悪意のあるユーザーはこのリンクを使って、アカウント所有者のパスワードをリセットし、アカウントの写真、メッセージ、性的指向、HIVの状態、最後の検査日など、アカウントに保存されている個人データにアクセスすることができる。

「これは、私が見た中で最も基本的なアカウント乗っ取りのテクニックの1つです」とハント氏は指摘している。

流出したパスワードリセットトークンを使えば、攻撃者はユーザーのパスワードをリセットし、アカウントを乗っ取り、個人データにアクセスすることができる（画像クレジット：Troy Hunt）

Grindrの最高執行責任者を務めるRick Marini（リック・マリーニ）氏は声明で「脆弱性を特定した研究者に感謝しています。報告された問題は修正されています。ありがたいことに、悪意のある当事者に悪用される前に問題に対処できたと考えています」とTechCrunchに語った。

「当社のサービスの安全性とセキュリティを向上させる取り組みの一環として、当社は大手セキュリティ企業と提携し、セキュリティ研究者がこのような問題を報告する能力を簡素化し、向上させています。さらに、今後もサービスの安全性を維持するために、研究者の皆様にさらなるインセンティブを提供するため、新しいバグバウンティプログラムを近日中に発表する予定です」と同社は述べている。
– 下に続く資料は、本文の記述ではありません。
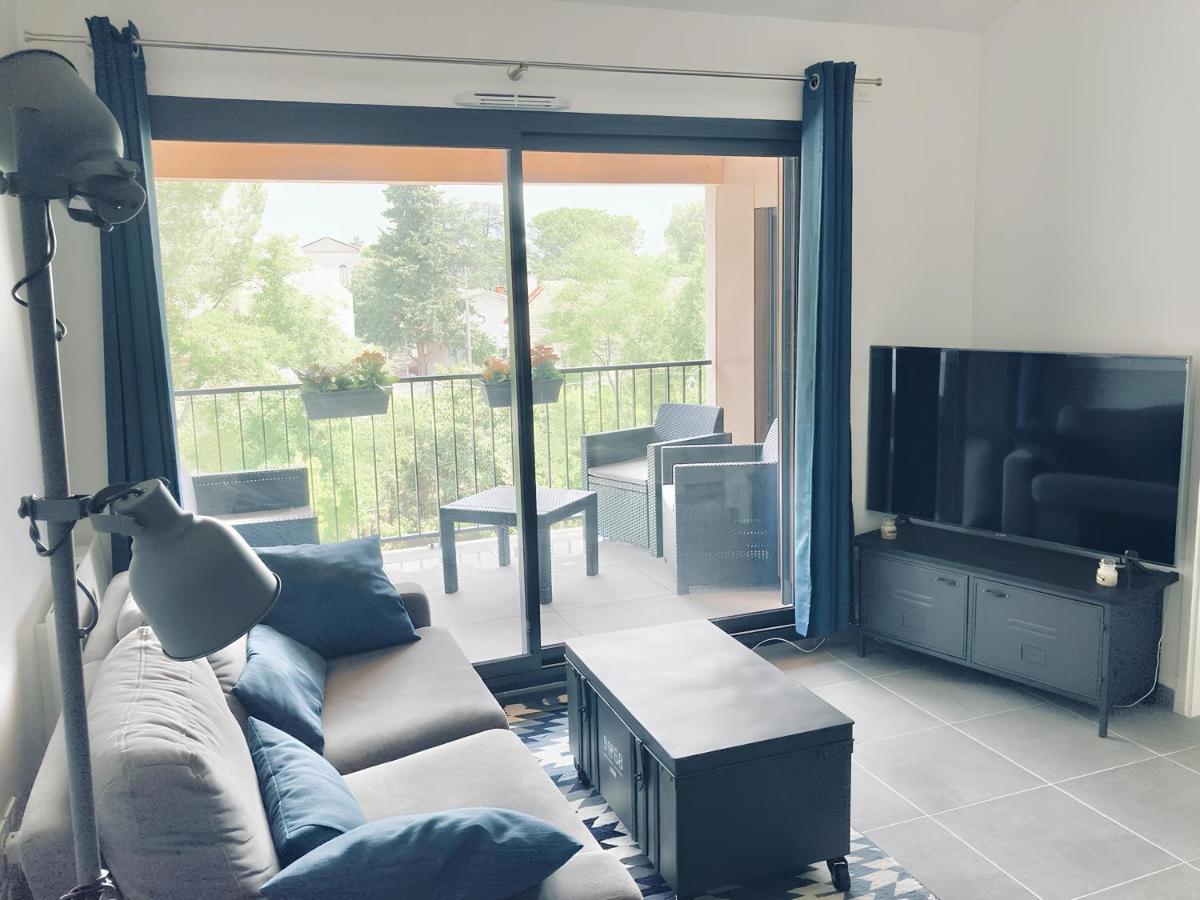 Apartamento Design Au Coeur De Avec Parking Prive Montpellier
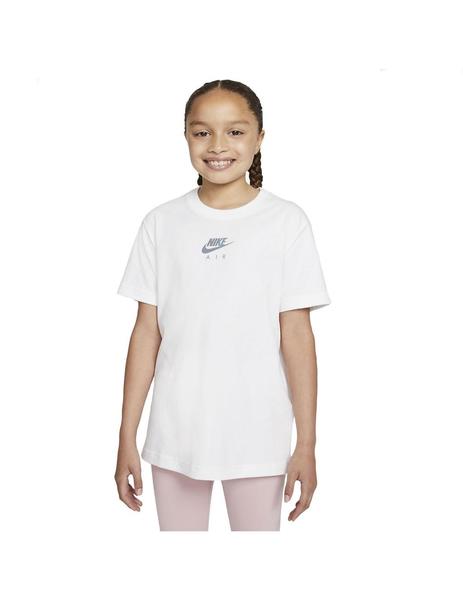 Camiseta Niña Nike Nsw Tee Blanco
Grindrのユーザーは約2700万人で、毎日約300万人がこのアプリを利用している。Grindrは今年初めに元中国の所有者である北京昆侖（Beijing Kunlun）によって、ロサンゼルスを拠点とする会社に売却された。同社の中国での所有が、国家安全保障上の脅威となっているという非難を受けてのことだ。

昨年Grindrは、中国の所有権下にある間、北京のエンジニアにプライベートメッセージやHIVの状態を含む何百万人もの米国ユーザーの個人データへのアクセスを許可したと報告されていた。